On 11/17/2013 12:00 PM, ron minnich wrote:
That's you. And in fact it's most of the Linux community. It's why it's so hard to make progress in this area, because the Linux community does *not* consider openness down to the hardware level as a priority, when measured against their other wants.
Exactly. It seems to me the linux community is tired of having linux be idealized for running efficiently on second-grade hardware. Of course I think the community is tired of linux being viewed mostly as a retirement home for desktops. The way I imagine the community sees it, as long as chromebooks are not shiny toys with V12 engines, good or bad as they may be, will be viewed as second-grade.
Which, I have to say, sets all my "Irony-detection" devices to 11 out of 10. :-)
I hope your hypocrisy gauge is still within range.
In many other cases, coreboot *is* a key usability feature (hence the many chromebooks being sold) and in those cases, it is a very high priority, if not the highest priority.
And, yes, you and I are both broken records where vendors are concerned. But vendors don't set priorities by anything but how many million units get sold. They don't care what we think :-)
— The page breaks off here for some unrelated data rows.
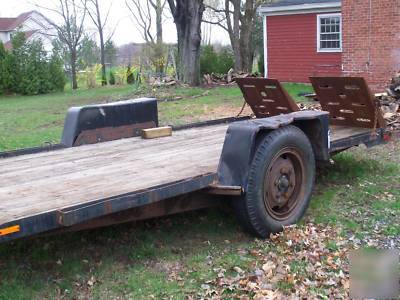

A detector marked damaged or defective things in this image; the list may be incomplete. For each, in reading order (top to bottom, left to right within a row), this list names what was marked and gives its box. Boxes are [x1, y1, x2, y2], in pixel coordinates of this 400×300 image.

rust on metal [234, 78, 300, 118]
rusty steel ramp [234, 78, 300, 118]
rust on metal [310, 77, 384, 128]
rusty steel ramp [308, 77, 386, 128]
rust on metal [73, 121, 156, 146]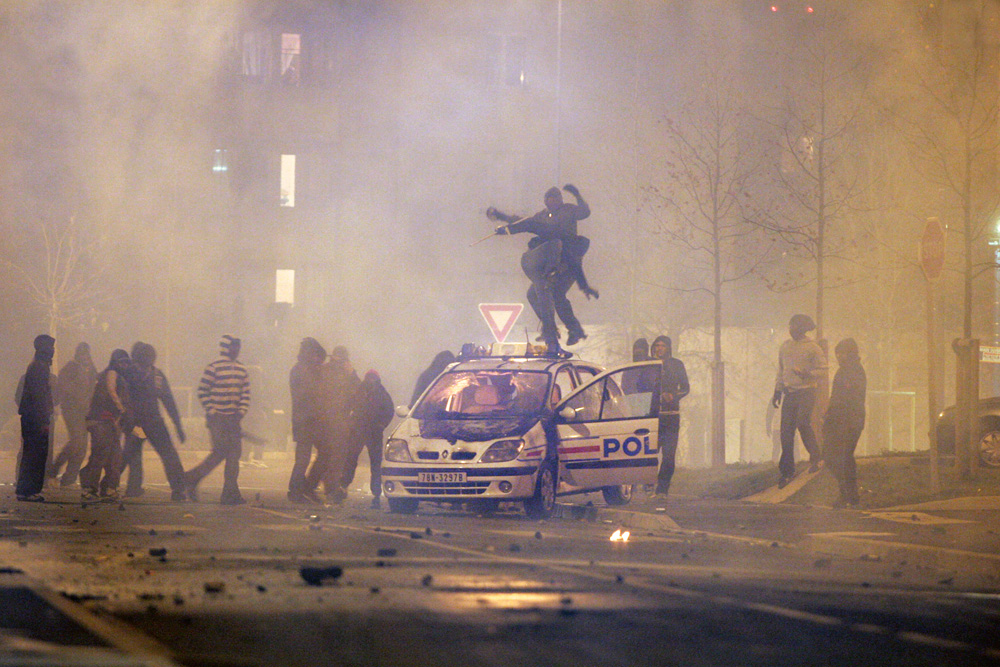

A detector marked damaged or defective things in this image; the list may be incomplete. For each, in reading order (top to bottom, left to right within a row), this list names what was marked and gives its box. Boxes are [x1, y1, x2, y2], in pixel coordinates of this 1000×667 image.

smashed windshield [410, 370, 552, 418]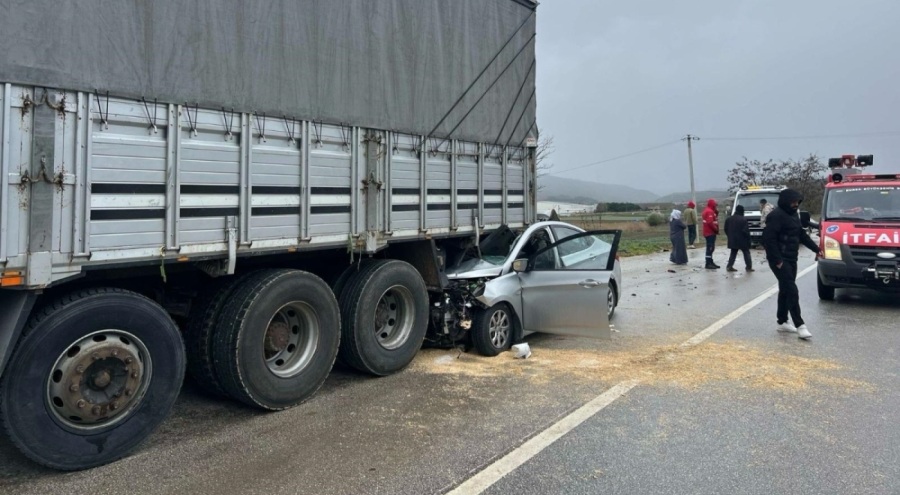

[Broken record warning] What if, somehow, the community gathered a few brains, talked to a vendor, and convinced them to put coreboot on a yet-to-be-released product? It would almost seem like the community would do most of the work for free. What sort of responses have we received in the past with this approach? System 76, ThinkPenguin, Pudget, etc... have we tried any of them? They have sleek systems, and at least the first two value openness more than the average.